Watching the TED Talks lecture in class yesterday made me think about Siri, the greatest and worst function of the iPhone 4s and 5. We were talking about how men who weren't great at chess worked with computers that weren't top of the line and how they beat the best computers and the best men. I have to admit that I got really distracted and started thinking about man's attachment to and reliance on technology. So for the sake of this discussion, let's take Siri. Apple essentially created a pocket secretary. Siri's great. You can dictate things to her, you can have her call you by a different name, and you can have her remind you of things. The iPhone 5 has expanded on these functions so you now can have her tell you results of sporting events and I think she might be able to translate things for you. The best attribute that Siri possesses is that she is immensely entertaining.

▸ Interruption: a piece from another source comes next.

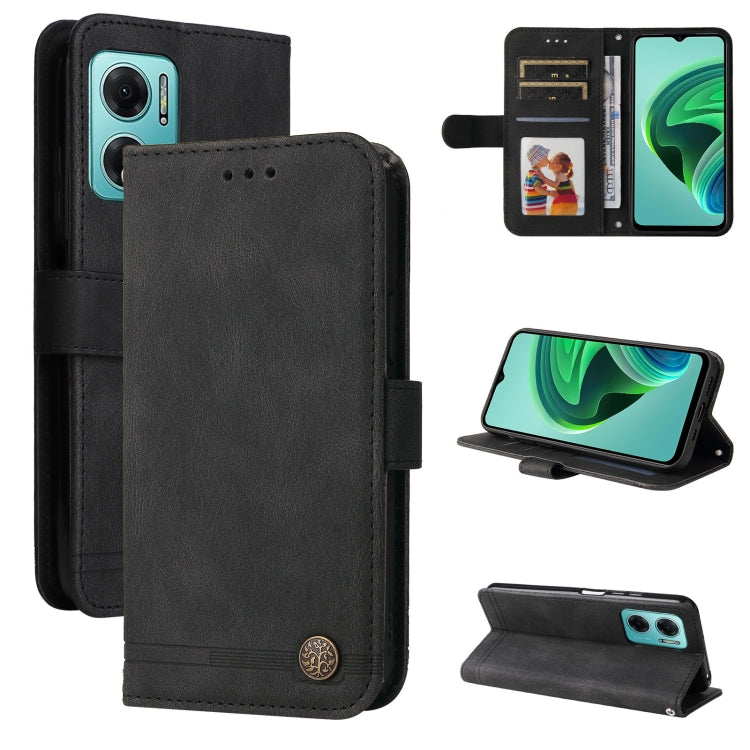 Skin Feel Life Tree Metal Button Leather Phone Case, For Xiaomi Redmi Note 11E / 10 Prime+ 5G, For Honor 50 Pro / Huawei nova 9 Pro, For Infinix Note 11, For OPPO Realme GT Neo3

I could ask her ridiculous questions all day and never get bored.

All of this is great but let's think about how and why we got here. Not all of us can afford a secretary. We forget things easily so we want to reminded of things. Personal planners are useful but that got outdated. Palm Pilots were great but then the Blackberry came out then Apple went a step above all of that. There is a literal voice to make you feel productive. How could you hate that? Well, Siri is also super annoying. Sometimes she doesn't listen well so then you're just yelling at your phone like a crazy person and Siri is still like "I'm sorry, I didn't get that" then you're like "Whatever Siri, I hate you". But guess what, you go back to her because you want to feel productive and technologically advanced. If we decide to define the success of life on level of productivity and ability to adapt to and effectively use technology, then basically we're the "worse" man with a ""worse" computer. Siri doesn't really make us more productive and advanced, we just feel more productive and advanced. We're working with her to get that feeling like how those two men worked with the computers to win the chess championship.

Anyways, hope that makes sense. Mostly, I love Siri and I've been trying to understand how I lived without her and why I ask myself how I lived without her.


alesnick's picture

being productive and advanced vs feeling productive and advanced

This distinction is interesting.  With respect to the chess game, the men actually won, so feeling and being successful were fused.  Your argument about Siri seems to be that "she" doesn't actually enhance productivity.  This makes me wonder how productivity is defined in different settings.  Where "producing" an appearance of being advanced is valued, I suppose Siri adds value.  What do you use Siri for?  Does this tool help you meet your goals (outside of marking yourself as with it technologically?